How does one subtract two light beams? From what I understand, it seems like you can only "add" beams together. You can use a beam combiner, basically using a beam splitter in reverse, to combine two beams. In homodyne detection, you use a local oscillator beam to mix with the signal beam so you can decipher the difference in phase change which would give you information about the system your signal beam is probing. Homodyne detection can give information regarding the position of an atom.
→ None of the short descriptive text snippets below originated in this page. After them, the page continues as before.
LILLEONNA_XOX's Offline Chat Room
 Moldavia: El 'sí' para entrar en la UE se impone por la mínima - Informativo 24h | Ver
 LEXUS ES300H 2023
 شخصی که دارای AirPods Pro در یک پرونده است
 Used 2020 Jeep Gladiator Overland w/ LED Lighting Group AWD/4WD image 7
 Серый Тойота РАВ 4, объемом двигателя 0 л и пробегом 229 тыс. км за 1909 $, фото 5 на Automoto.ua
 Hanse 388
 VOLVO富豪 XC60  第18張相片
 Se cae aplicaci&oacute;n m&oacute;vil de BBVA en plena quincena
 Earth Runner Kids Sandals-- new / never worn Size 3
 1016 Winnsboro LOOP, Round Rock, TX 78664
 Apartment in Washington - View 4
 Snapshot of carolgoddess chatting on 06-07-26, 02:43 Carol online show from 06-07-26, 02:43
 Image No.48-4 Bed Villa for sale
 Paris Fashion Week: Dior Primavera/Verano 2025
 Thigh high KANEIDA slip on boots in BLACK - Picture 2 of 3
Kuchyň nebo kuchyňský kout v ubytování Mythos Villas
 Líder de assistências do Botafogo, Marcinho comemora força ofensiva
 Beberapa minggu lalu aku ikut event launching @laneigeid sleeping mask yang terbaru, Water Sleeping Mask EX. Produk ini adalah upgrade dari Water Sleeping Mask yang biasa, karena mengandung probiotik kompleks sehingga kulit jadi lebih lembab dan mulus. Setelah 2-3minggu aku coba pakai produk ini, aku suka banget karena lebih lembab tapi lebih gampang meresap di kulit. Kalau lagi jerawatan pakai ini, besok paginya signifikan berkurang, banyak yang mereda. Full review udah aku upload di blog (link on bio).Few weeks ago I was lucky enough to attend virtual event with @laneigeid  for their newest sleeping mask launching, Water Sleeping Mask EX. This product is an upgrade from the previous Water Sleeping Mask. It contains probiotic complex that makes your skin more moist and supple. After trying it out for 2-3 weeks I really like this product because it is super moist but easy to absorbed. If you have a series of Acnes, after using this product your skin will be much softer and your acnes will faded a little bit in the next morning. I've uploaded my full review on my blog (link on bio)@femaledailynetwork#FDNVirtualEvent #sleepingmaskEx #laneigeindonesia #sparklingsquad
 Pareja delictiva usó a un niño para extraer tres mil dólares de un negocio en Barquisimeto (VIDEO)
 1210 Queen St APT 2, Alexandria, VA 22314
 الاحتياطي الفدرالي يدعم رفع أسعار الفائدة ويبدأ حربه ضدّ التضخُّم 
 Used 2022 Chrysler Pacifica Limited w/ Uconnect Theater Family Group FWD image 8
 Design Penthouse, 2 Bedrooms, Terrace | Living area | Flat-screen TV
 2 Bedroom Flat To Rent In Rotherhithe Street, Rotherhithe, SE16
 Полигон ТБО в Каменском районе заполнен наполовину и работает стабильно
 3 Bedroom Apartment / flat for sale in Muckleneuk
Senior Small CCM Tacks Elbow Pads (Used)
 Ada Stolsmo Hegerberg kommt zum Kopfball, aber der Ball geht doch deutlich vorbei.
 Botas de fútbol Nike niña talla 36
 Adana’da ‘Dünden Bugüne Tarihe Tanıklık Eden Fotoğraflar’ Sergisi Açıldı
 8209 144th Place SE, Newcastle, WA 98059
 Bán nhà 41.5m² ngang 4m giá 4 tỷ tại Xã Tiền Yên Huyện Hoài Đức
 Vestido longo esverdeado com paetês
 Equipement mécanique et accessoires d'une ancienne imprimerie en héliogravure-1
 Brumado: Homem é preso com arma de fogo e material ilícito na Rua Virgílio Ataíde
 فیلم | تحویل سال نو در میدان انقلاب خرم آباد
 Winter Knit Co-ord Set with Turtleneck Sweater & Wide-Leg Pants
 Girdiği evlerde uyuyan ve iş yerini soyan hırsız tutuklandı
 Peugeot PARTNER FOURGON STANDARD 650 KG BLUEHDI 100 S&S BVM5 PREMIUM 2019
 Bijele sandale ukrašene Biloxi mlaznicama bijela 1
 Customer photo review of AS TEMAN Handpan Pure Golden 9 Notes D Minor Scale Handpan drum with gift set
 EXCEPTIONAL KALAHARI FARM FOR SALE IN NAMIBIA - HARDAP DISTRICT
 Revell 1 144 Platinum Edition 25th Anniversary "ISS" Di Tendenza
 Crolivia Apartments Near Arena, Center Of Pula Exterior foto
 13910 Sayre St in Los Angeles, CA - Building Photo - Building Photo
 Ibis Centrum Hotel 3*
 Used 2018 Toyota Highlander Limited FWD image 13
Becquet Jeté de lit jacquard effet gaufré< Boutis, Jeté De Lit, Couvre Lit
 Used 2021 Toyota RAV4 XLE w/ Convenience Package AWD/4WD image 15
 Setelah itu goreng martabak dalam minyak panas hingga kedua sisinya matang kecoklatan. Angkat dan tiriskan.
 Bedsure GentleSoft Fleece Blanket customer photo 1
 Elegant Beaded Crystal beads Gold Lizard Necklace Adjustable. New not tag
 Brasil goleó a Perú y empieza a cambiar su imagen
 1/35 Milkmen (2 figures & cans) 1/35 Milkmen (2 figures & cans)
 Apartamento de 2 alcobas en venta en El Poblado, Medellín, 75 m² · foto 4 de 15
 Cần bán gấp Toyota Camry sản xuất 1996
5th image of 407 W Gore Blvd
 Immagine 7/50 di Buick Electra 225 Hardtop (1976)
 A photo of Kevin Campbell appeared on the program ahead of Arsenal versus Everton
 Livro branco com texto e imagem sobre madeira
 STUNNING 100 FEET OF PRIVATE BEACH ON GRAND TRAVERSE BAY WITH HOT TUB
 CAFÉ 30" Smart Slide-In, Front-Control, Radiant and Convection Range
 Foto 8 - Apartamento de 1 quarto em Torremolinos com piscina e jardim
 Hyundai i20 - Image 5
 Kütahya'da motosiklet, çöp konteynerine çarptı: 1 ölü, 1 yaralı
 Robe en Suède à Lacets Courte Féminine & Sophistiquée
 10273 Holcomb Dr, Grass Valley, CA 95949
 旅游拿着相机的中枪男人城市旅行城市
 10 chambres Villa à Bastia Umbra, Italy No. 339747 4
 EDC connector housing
Say I wanted to detect the relative distance of two atoms. Each atom/ion is stuck inside an electric harmonic potential. The location of the harmonic potentials are known, (if this is possible) Now, let's say I turn off the harmonic potential trap and at the same time I use the homodyne measurement technique to determine the position of both of the atoms. This means shining a laser to detect the atom's position. (The light is absorbed and re-emitted?, or reflected?) In any case, light that comes out of the atom/ion cavity is related to the atom's position/momentum and it is combined with a local oscillator beam to determine the position and momentum of the atom. The light hits photodetectors which then integrate the signals together producing a photocurrent. The analysis of this photocurrent will allow one to figure out the atom's position relative to the center of the harmonic trap.
To figure out the relative position of the atoms from each other, I'll need to "subtract" the position of one atom with the other. If one atom's position is labeled x1 and the other is labeled x2, than wouldn't we simply do x2 - x1? If so, how is one to do this?! How does one "subtract" the position of one from the other using light beams?
 A: When two or more sources of light combine incoherently (not in any fixed phase relation), you can only "add", and that's intensity (power) - electromagnetic field "squared" and averaged, in the appropriate sense.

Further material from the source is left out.